Dubbed 'Biodiversity Mainstreaming in Coastal Landscapes within the Negril Environmental Protection Area of Jamaica', the effort is a national sub-project of the "Integrating Water, Land and Ecosystems Management in Caribbean Small Island Developing States (IWEco)" that will benefit 10 islands of the region.
IWEco - a five-year regional project that builds on the work of previous initiatives to address water, land and biodiversity management as well as climate change - receives direct funding from the Global Environment Facility (GEF) to the tune of US$21 million, in addition to co-financing of some US$67 million from project partners.

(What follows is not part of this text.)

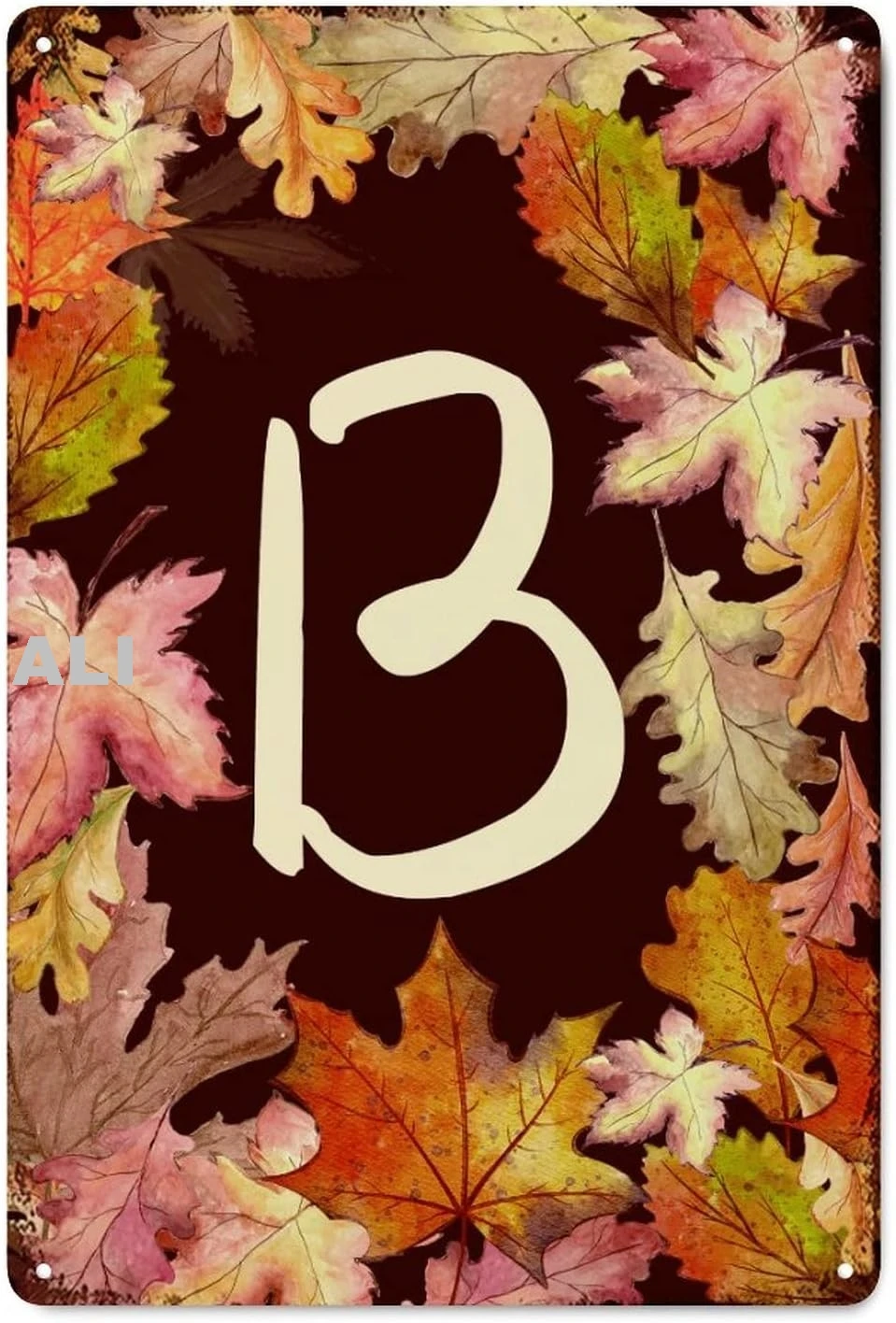 Vertical Fall Maple Leaves Initial Letter B Metal Signs Retro Wall Plaque Custom Monogram Metal Tin Sign for Garage Man Cav sign
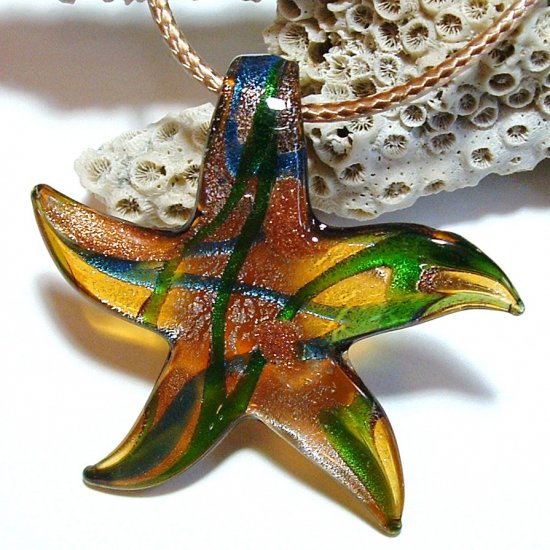 Amber Starfish Lampwork Glass Pendant Necklace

"The Government of Jamaica, through NEPA (the National Environment and Planning Agency), made a commitment to implementing the Watershed Area Management Mechanism (WAMM) approach consolidated under the IWCAM (Integrating Watersheds and Coastal Areas Management) project across other watershed areas and to mainstreaming it into wider development frameworks," noted Dr Lorna Inniss, head of the Caribbean Regional Coordinating Unit, UN Environment, in a statement delivered at the November 29 project launch.
LARGEST WETLAND IN JA
The statement was delivered by Donna Sue Spencer, communications specialist with the regional project.
"IWEco aims to contribute to the preservation of Caribbean ecosystems that are of global significance. As one of the largest wetlands in Jamaica; indeed, as one of the largest natural coastal wetland ecosystems in the Caribbean, supporting internationally significant species, many of which are found nowhere else, the Negril Great Morass is one-such," Inniss added.
With partnerships are central to the regional project, which is implemented through a network of international, regional and national partners, Inniss said she has high hopes for the Jamaica effort.
"Jamaica's project is the largest of eight national sub-projects in IWEco. As such, expectations are high. We hope to see great improvements in the condition of the Negril Great Morass as a result of this project," she noted.
"The involvement of a wide range of stakeholders - government agencies, NGOs and private sector organisations, including the Negril Chamber of Commerce, the Negril Environment Protection Trust, the Water Resources Authority, the Rural Agricultural Development Authority and the Negril Green Island Local Planning Authority - will help to highlight the value of the biodiversity resources in terms of economic development opportunities as well as their importance for sustainable livelihoods," Inniss said.
"An essential part of the project is the development of an integrated management/restoration plan for the Negril Environmental Protection Area during the initial stages of the project, which would serve as the basis for coordinated communication and action among all stakeholders," the UN Environment representative said further.
Other expected results from the Jamaica project - which has received US$3 million in GEF funding - are the reduction in further degradation of peat resources, contributing to improved human health, water quality, air quality and ecosystem functions; and improvements in the livelihoods and strengthened land use practices within local communities.